Car engines, for the most part, began to look a mess as the need to open the bonnet declined. They became entangled with electric wires and buried under alarms, air-conditioning hoses and power-steering ducts. Oddly, in the 1990s, German manufacturers have taken a lead in styling their engines to the standards of Fifties Jaguars and pre-war Bentleys and Bugattis. Lift the bonnet of any recent BMW - or the new two-ton, double-glazed S-class Mercedes-Benz - and you are faced with sculpture worthy of winning the Turner Prize.

The greatest cars have not always been the most technologically advanced or fashionable, although the Audi Quattro was one such car. The Bugatti Type-35 of 1924, for example - one of the all-time greats - was gimmick-free and crafted around the best existing technology. And when Alec Issigonis designed the Mini (1959), the only really new thing about it was its tiny 10-inch wheels - since increased to 12 inches, as the originals were too small to soak up bumps with any degree of success.

Like all great engineers, Issigonis avoided innovations which were purely fashionable or irresponsibly wild; instead he made optimum use of tried and tested technology. But the sum total of his Mini was nevertheless revolutionary - a car that offered 80 per cent of its volume to driver, passengers and their luggage and just 20 per cent to the engine and technology.

It is fascinating to discover just how early most of the technologies we take for granted in modern cars were first invented and patented. Technological invention is often well ahead of market forces. As early as 1911, Marc Birkigt designed and built an engine for one of his peerless Hispano-Suizas featuring elements we now associate with the cars of the 1970s and 1980s: four valves per cylinder, dual ignition, hemispherical combustion chambers and twin overhead camshafts for maximum power and efficiency. But who needed such efficiency in 1911, beyond Marc Birkigt and Hispano-Suiza?

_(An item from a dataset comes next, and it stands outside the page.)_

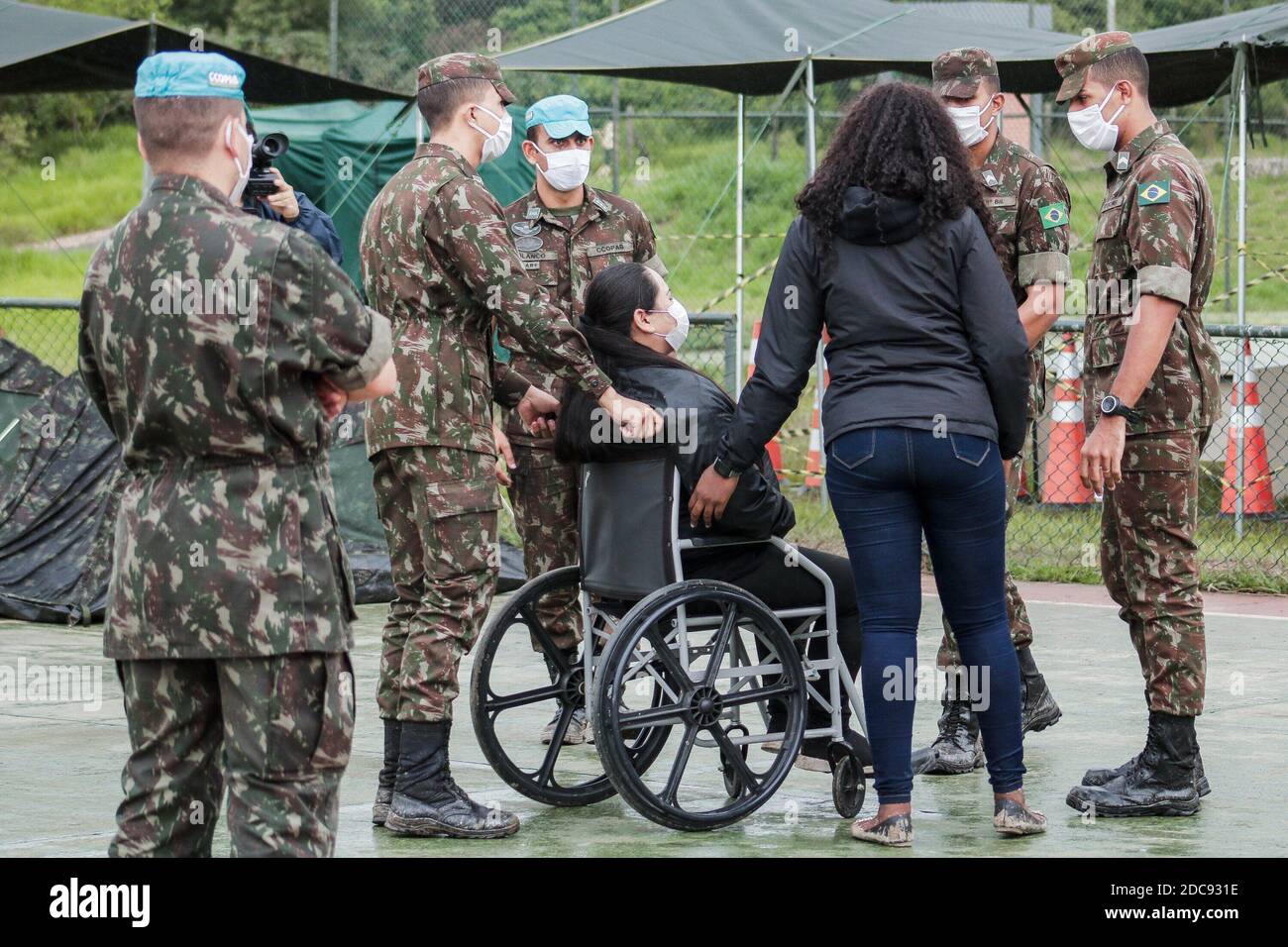 Osasco, Sao Paulo, Brasil. 19th Nov, 2020. OSASCO (SP), 19/11/2020 - EXERCITO BRASILEIRO EM SAO PAULO - O Exercito Brasileiro em Sao Paulo envia mais de 400 militares para acolher imigrantes venezuelanos em Roraima. O Comando Militar do Sudeste (CMSE) realiza, em novembro, a preparacao dos 431 militares que vao compor o 10Ã‚Âº contingente da Forca-Tarefa Logistica Humanitaria para o estado de Roraima. A Operacao Acolhida tem o objetivo de prestar acolhimento a imigrantes venezuelanos na fronteira com o pais vizinho e, posteriormente, realizar a interiorizacao deles. (Credit Image: © Fepes Stock Photo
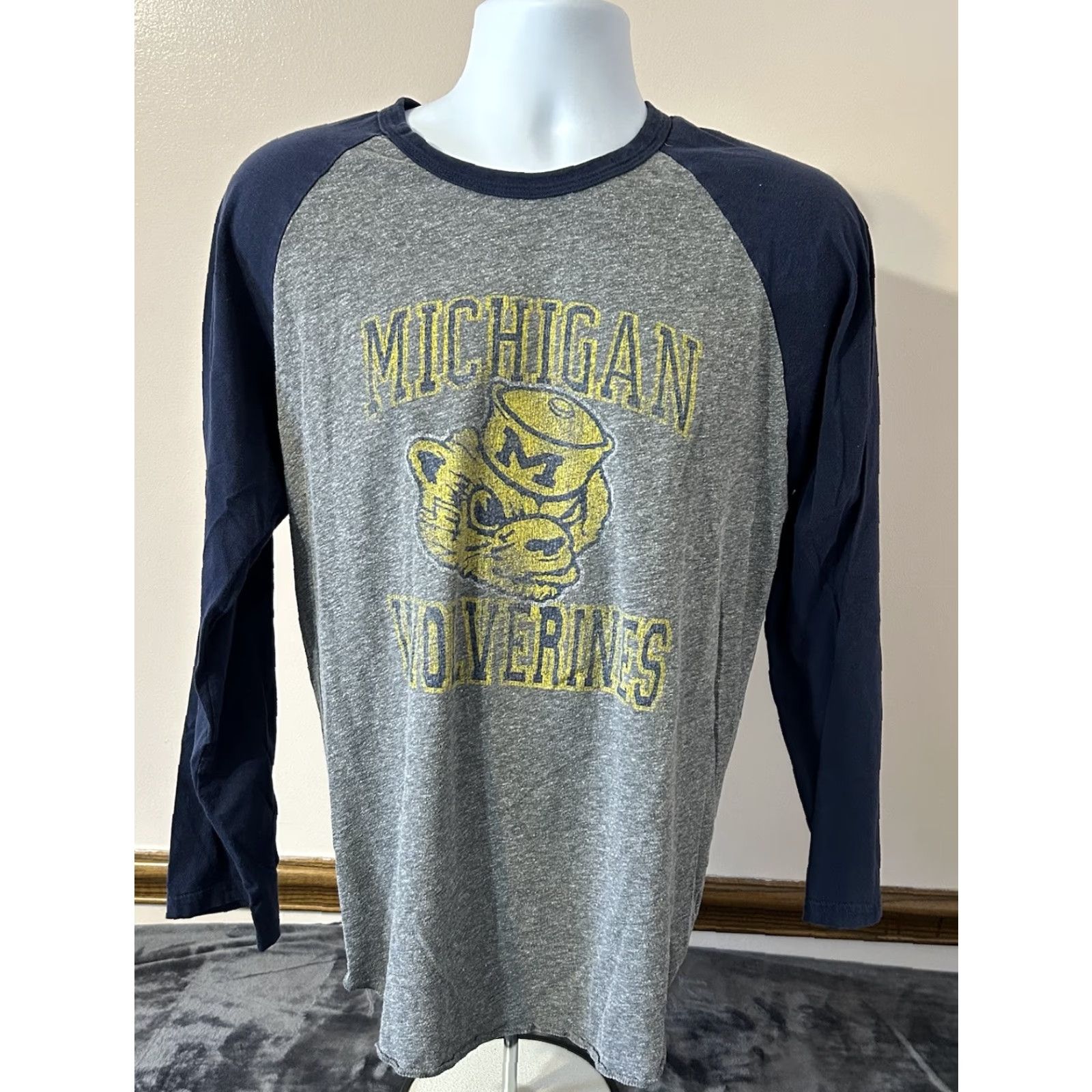 Vintage VINTAGE University Of Michigan Wolverines Long Sleeve Shirt Men XL Gray Blue Retro Brand Size US XL / EU 56 / 4 - 3 Thumbnail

All-steel bodies appeared as early as 1916 (Dodge) and integral or chassis-less construction dates from the Lancia Lambada (1922). Yet, until as late as the mid-1960s, some large- scale manufacturers - notably Triumph - were still producing bodies on separate chassis. Synchromesh gearboxes (making it possible to change up and down without double-declutching or 'crashing' the gears) were first used by Cadillac in 1928, though British manufacturers were loathe to adopt them until the late 1960s. Front-wheel drive made its mass-production debut with the Citroen 7CV (the 'Traction Avant') in 1934, but did not become fashionable until the Mini set the trend in 1959.

In 1908 alone, 100 patents were registered for front-wheel-drive systems in the US, but until Errett Lobban Cord employed the idea on his Cord L-29 grand tourer in 1929, front- wheel drive was a technology held in trust for the future. Automatic transmission dates from 1937 (Oldsmobile), and power steering from 1926 (Pierce Arrow). Later production-car fashions included fibreglass bodies (Lotus Elite, 1957), flip-up headlamps (Cord 810/812, 1935), and spoilers to keep ultra-fast cars glued to the road at speed, popularised by the Porsche Turbo of 1974 and taken to extremes in the Ford RS Cosworth Escort (pictured).

Most essential car technologies were developed by the 1930s, and most cars today - despite a superficial gloss of electronic and computer wizardry - remain surprisingly basic underneath. This is because they are not designed for the long-term future, but for relatively short production lives. Significantly, the most technologically sophisticated cars of all - the Mini (1959), Citroen 7CV (1934-57) and Citroen DS (1955-75) among them - have all enjoyed exceptionally long production runs. These were cars that rode in and out of fashion, rather than short-lived products spawned from and for passing fads. What's more, there wasn't a Turbo badge on any of them.